The evidence, Fama and French etc, tell us that smaller shares are riskier.

Most active managers, i.e. funds and private investors are overweight small caps because they think they know something about Tiddler PLC that no one else does. That was a winning strategy from 2009 to 2106 when QE favoured riskier shares. Since QE stopped at the start of 2016 the reverse has applied as evidenced by the relative performance of value strategies over those time periods.


I tend to see it that smaller domestically focussed companies have suffered because of concerns over Brexit, to the extent that their SP's have been disproportionately depressed, and that once Brexit is resolved, on whatever terms, they will recover, if not soar!



The data says otherwise:

FTSE 100 Yield 3.8% PE 13.4
FTSE 250 Yield 2.7% PE 15.2


No you are not looking at the data in enough detail, many FTSE 250 companies are exporters and so reporting increased earnings in sterling, fund managers have reported that the price of truly domestic focused companies have indeed been depressed by Brexit concerns.

Re: is FTSE 100 diversified enough?

Posted: July 11th, 2018, 1:40 pm
by richfool
In response to "imagain", I don't track sectors, I rely on my IT managers to (actively) select the best stocks to hold.

In terms of mid and small caps, I hold SLS, MRC and ASCI, plus whatever (smaller) stocks the larger UK G&I trusts (e.g. SLET) hold .

Re: is FTSE 100 diversified enough?

Posted: July 11th, 2018, 4:42 pm
by OhNoNotimAgain
colin wrote:
No you are not looking at the data in enough detail, many FTSE 250 companies are exporters and so reporting increased earnings in sterling, fund managers have reported that the price of truly domestic focused companies have indeed been depressed by Brexit concerns.


That's probably because they bought them at a higher price. The FTSE 100 is more international than the the FTSE 250. As evidence for that I would cite the large percentage of FTSE 100 companies that account in dollars.

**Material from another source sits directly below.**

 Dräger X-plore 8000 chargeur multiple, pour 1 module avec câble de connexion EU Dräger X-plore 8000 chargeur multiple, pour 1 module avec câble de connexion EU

Re: is FTSE 100 diversified enough?

Posted: July 11th, 2018, 6:29 pm
by colin
The FTSE 100 is more international than the the FTSE 250

well yes nobody would argue with that, i was trying to make another point which is that the average price level of FTSE 250 companies has been boosted by the exporters among them, whether they report in dollars or sterling doesn't make any difference, if sterling falls in value relative to other currencies then other countries will buy more of what these companies sell because they have become more competitive.
You seem to think that the price level of the FTSE 250 contradicts Richfools statement re Brexit hit companies . I am saying that it does not because the advantages arising to the exporters has overwhelmed the lack of interest in companies focused on our domestic market. If we want to present data as evidence then we need to divide the FTSE250 companies into two groups, those who export a lot and those who don't, problem is they don't always stay still long enough.